So. You've decided to make a shirt. You want to wear it tucked-in for work. You also want to wear it untucked for the weekend. You get two shirts.
A shirt meant to be tucked-in is cut quite differently from a shirt meant to be left untucked.
SHIRT (A): untucked SHIRT (B): tucked-in
Below are the two major differences.
1. SHIRT TAIL LENGTH
For a shirt to be tucked in properly and remain in, the body has to be cut substantially longer. If not, there is a high possibility of it becoming untucked when you raise your arms. After you've helped that lovely lady reach for something on the top shelf, she does not need to see your shirt getting untucked in the process and exposing your Calvin Kleins.
Shirt (B) will just look ridiculously sloppy when left out due to its longer tail-length. In our view, the front of an untucked shirt should never fall past the halfway-point of your trouser fly.
2. BODY SHAPE
Shirt (B) is cut with an hourglass body shape to fit the torso more closely. However, when left untucked, the ends of the tail will appear to flare outwards, much like a ladies' shirt.
An untucked shirt should be cut rather straight in the body, refer to Shirt (A), so that the fabric will fall and drape properly. A gentle suppression in the waist is fine, but if the suppression is too obvious, it will end up like Shirt (B). And speaking of drape, heavier cloths will almost always drape better than superfine ones, remember this. Think oxfords rather than smooth poplins.

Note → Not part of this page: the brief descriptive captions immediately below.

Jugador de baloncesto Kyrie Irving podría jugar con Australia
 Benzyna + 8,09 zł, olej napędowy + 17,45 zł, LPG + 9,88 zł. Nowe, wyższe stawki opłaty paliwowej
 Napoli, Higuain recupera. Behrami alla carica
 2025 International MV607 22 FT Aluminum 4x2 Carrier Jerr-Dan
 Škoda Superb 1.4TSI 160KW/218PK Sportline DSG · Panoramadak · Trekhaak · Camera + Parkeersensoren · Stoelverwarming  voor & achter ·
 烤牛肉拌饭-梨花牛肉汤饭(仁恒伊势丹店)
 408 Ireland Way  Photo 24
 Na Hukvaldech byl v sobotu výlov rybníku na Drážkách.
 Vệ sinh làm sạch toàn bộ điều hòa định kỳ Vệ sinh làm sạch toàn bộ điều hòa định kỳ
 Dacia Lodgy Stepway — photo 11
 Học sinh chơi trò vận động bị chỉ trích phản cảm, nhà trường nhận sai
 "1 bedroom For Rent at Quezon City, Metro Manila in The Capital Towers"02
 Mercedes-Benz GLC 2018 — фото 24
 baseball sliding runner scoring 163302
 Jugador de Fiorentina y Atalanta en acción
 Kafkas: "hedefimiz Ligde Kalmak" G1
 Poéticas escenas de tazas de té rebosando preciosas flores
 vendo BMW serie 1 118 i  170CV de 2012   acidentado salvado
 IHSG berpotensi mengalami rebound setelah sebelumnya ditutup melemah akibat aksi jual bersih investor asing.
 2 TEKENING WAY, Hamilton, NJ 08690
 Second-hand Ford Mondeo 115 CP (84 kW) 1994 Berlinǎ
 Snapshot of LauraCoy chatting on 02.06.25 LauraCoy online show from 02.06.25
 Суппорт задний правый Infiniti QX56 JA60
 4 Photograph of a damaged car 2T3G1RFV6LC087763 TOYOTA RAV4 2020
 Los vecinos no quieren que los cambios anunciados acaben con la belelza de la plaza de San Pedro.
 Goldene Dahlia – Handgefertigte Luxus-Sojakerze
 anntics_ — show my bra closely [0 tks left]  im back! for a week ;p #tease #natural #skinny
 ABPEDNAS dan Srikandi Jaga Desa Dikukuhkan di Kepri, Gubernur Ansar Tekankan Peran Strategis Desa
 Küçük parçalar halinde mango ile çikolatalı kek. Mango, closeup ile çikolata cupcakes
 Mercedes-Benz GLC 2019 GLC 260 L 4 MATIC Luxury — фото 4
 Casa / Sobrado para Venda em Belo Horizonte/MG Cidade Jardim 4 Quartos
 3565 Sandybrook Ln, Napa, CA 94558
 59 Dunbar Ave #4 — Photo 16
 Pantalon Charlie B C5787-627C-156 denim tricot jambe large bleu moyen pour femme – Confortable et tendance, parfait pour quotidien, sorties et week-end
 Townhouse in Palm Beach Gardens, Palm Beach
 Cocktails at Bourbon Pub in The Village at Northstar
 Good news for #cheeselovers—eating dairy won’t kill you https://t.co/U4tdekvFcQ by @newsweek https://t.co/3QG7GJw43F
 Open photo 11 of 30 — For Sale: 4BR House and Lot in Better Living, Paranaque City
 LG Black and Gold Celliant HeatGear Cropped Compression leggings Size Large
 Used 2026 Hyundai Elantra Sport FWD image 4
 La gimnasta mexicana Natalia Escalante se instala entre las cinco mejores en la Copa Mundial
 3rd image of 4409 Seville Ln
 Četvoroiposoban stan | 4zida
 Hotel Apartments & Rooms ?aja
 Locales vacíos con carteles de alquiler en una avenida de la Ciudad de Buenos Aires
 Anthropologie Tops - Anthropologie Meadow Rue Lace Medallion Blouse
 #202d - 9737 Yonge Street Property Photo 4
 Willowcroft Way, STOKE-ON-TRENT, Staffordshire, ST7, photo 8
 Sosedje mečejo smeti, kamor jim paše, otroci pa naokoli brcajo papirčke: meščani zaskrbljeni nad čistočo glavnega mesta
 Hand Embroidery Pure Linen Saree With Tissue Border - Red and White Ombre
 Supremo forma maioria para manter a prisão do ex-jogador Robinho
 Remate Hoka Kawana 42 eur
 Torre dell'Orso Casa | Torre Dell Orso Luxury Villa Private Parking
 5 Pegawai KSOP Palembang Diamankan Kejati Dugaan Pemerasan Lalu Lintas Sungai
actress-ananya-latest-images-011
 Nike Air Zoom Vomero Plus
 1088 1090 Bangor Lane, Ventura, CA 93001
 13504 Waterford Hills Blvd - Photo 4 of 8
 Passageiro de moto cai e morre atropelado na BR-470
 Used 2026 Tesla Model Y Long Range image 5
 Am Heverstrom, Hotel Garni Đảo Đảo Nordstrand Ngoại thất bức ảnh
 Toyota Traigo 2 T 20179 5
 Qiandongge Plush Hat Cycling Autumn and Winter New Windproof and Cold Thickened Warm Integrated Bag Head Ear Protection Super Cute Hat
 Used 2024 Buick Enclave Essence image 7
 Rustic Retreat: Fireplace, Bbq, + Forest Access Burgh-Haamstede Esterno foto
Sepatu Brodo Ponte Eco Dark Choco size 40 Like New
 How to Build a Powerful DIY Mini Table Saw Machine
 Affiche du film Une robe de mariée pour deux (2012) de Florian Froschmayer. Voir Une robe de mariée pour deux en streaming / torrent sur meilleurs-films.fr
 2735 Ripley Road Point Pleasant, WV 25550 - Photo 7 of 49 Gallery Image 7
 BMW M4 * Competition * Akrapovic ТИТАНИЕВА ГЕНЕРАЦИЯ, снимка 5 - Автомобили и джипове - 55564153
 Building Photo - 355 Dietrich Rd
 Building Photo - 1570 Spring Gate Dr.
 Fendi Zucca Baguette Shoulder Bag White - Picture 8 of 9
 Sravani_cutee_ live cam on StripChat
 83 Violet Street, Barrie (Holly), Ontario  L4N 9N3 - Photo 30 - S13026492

Since we have to maintain a rather straight cut, almost the entire body must be brought in to cater for a slim-fit. However, this will result in a tighter chest, which might in turn result in pulling across the buttons and catching/creasing near the armholes - sorta like what Dr. Bruce Banner experiences right before turning green.
What happens when you tuck in Shirt (A)? All the excess fabric will balloon out from the waist. And don't raise your arms.
All the complications are somewhat inter-related. Therefore, unless you are willing to compromise on all of the aforementioned problems, make a decision - either you're in, or you're out.